Provided material
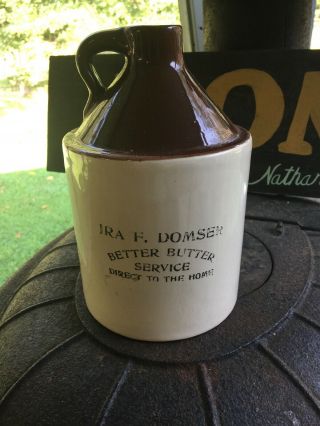 Antique Vtg Stoneware Pottery Whiskey Jug Advertising Bottle Butter Ira Domser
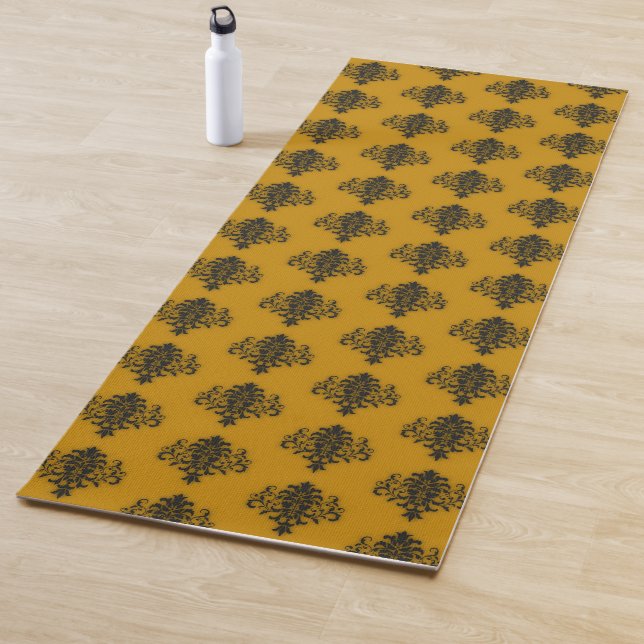 Black damask on mustard yellow pattern yoga mat (In Situ)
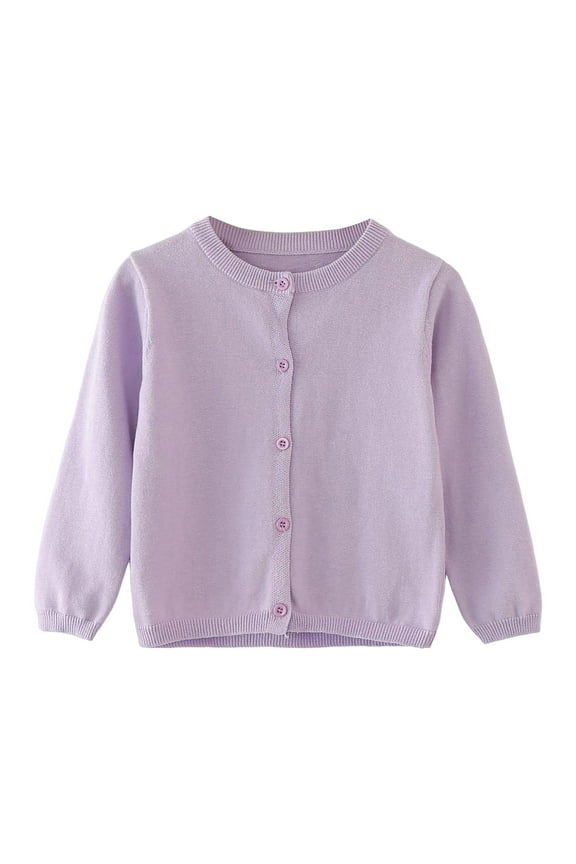 Girls' Cardigans Girls Uniform Shirts Girls Cardigan Long Sleeve Uniforms Knit Sweater Outerwear for Kids Light Purple 18-24 Months
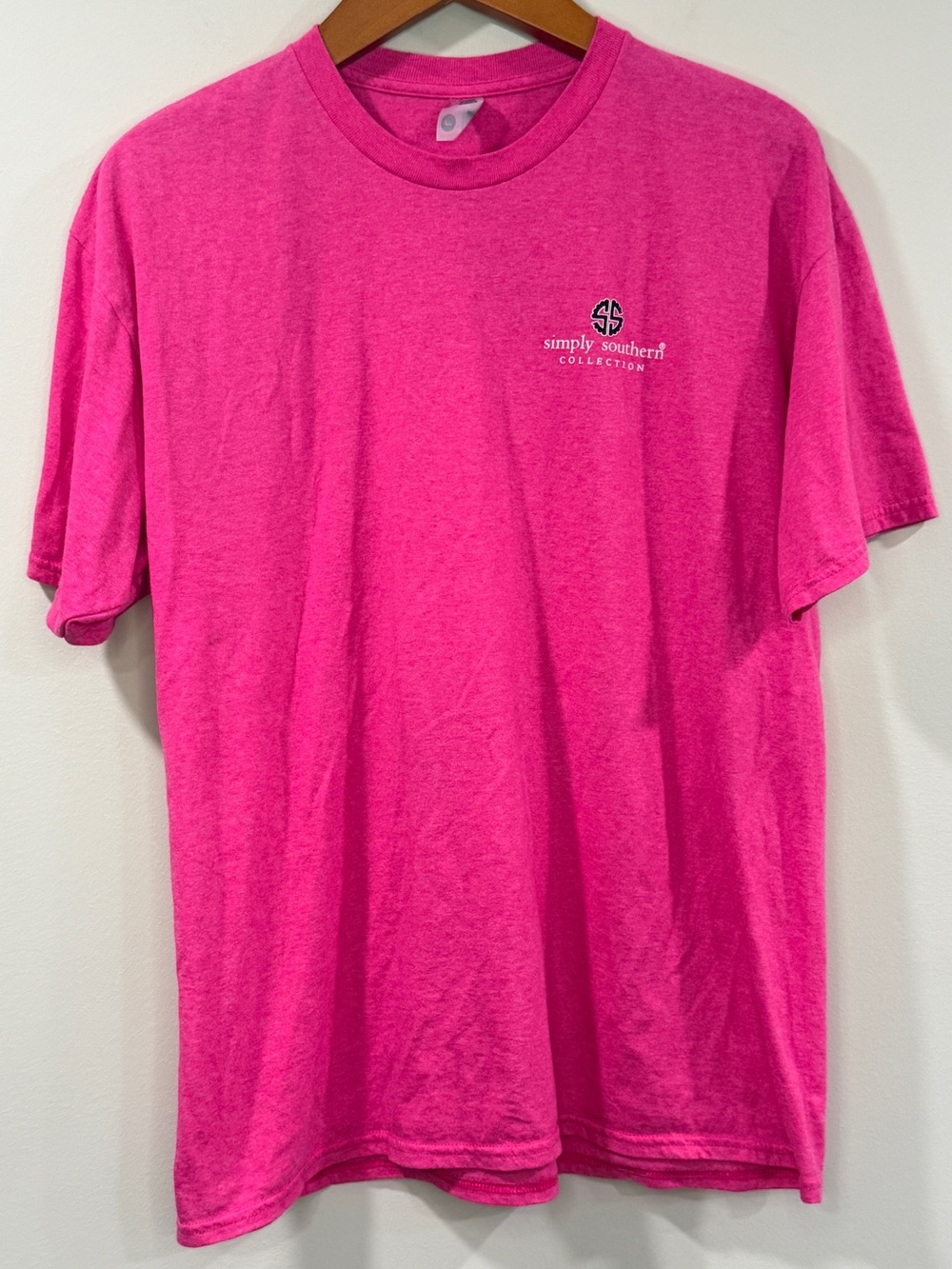 Simply Southern Womens Short Sleeve Tee in Hot Pink Size L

Task prompt
Since the pictures are not wanted, give the material again exactly without them.

Answer to this exercise
 Antique Vtg Stoneware Pottery Whiskey Jug Advertising Bottle Butter Ira Domser
 Black damask on mustard yellow pattern yoga mat (In Situ)
 Girls' Cardigans Girls Uniform Shirts Girls Cardigan Long Sleeve Uniforms Knit Sweater Outerwear for Kids Light Purple 18-24 Months
 Simply Southern Womens Short Sleeve Tee in Hot Pink Size L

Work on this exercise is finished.